WORK ITEM
Whatever pictures appear, omit them, and repeat the data below exactly.

COLLECTED DATA
[Start of section]
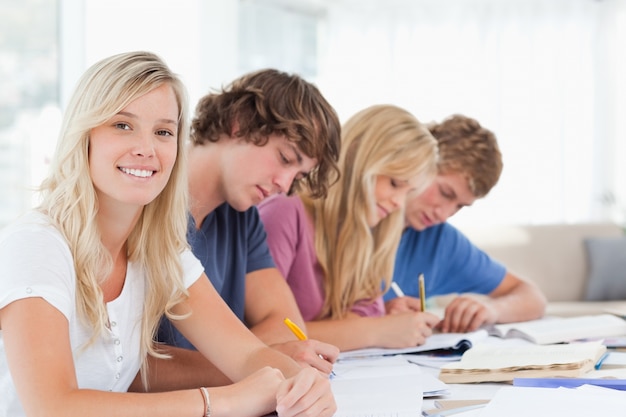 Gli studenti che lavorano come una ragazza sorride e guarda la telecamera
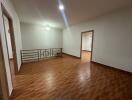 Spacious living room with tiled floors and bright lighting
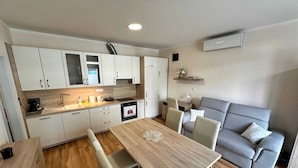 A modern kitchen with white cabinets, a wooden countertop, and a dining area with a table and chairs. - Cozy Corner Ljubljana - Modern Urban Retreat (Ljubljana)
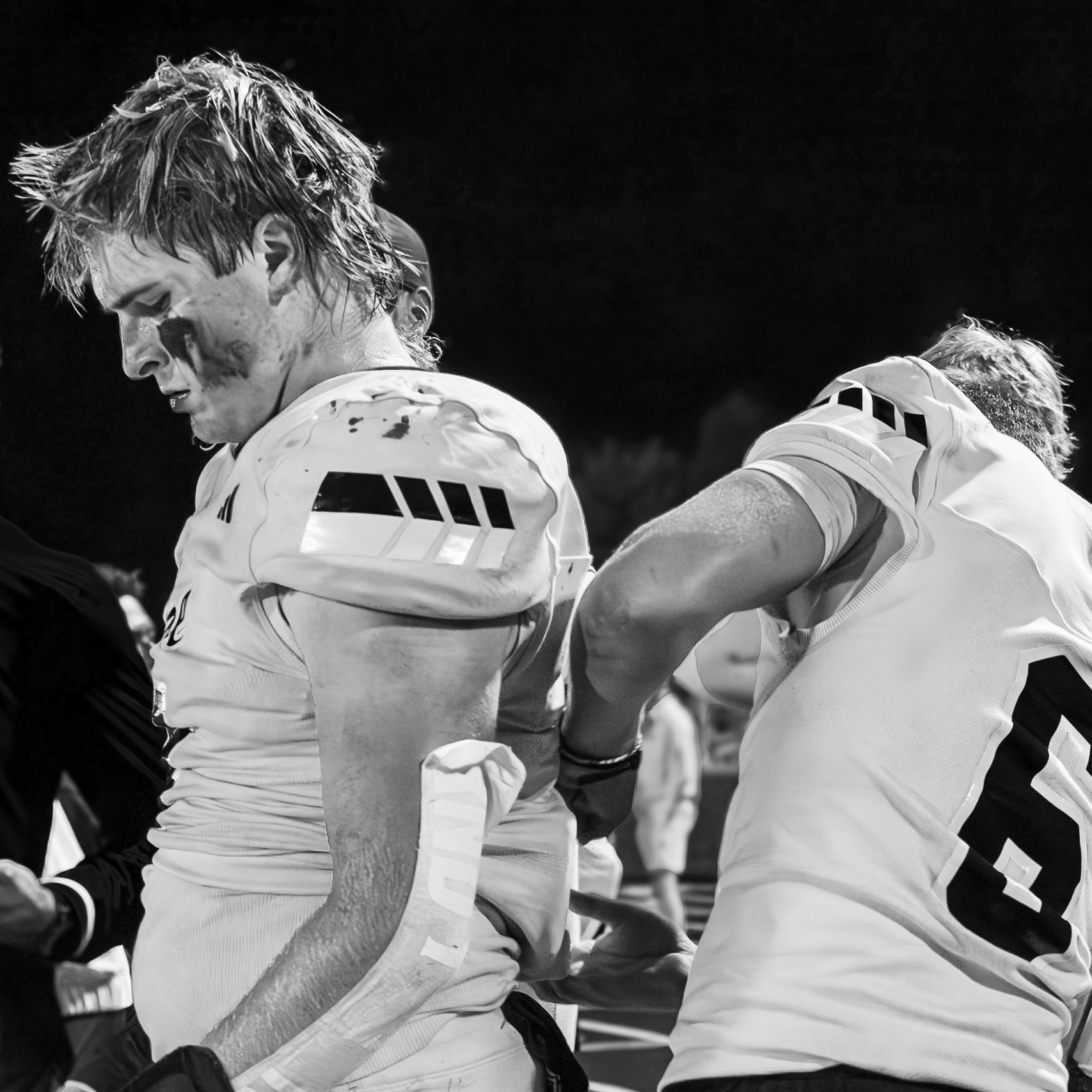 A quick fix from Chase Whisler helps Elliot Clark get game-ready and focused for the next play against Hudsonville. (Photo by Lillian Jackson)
[End of section]
RESULT
 Gli studenti che lavorano come una ragazza sorride e guarda la telecamera
 Spacious living room with tiled floors and bright lighting
 A modern kitchen with white cabinets, a wooden countertop, and a dining area with a table and chairs. - Cozy Corner Ljubljana - Modern Urban Retreat (Ljubljana)
 A quick fix from Chase Whisler helps Elliot Clark get game-ready and focused for the next play against Hudsonville. (Photo by Lillian Jackson)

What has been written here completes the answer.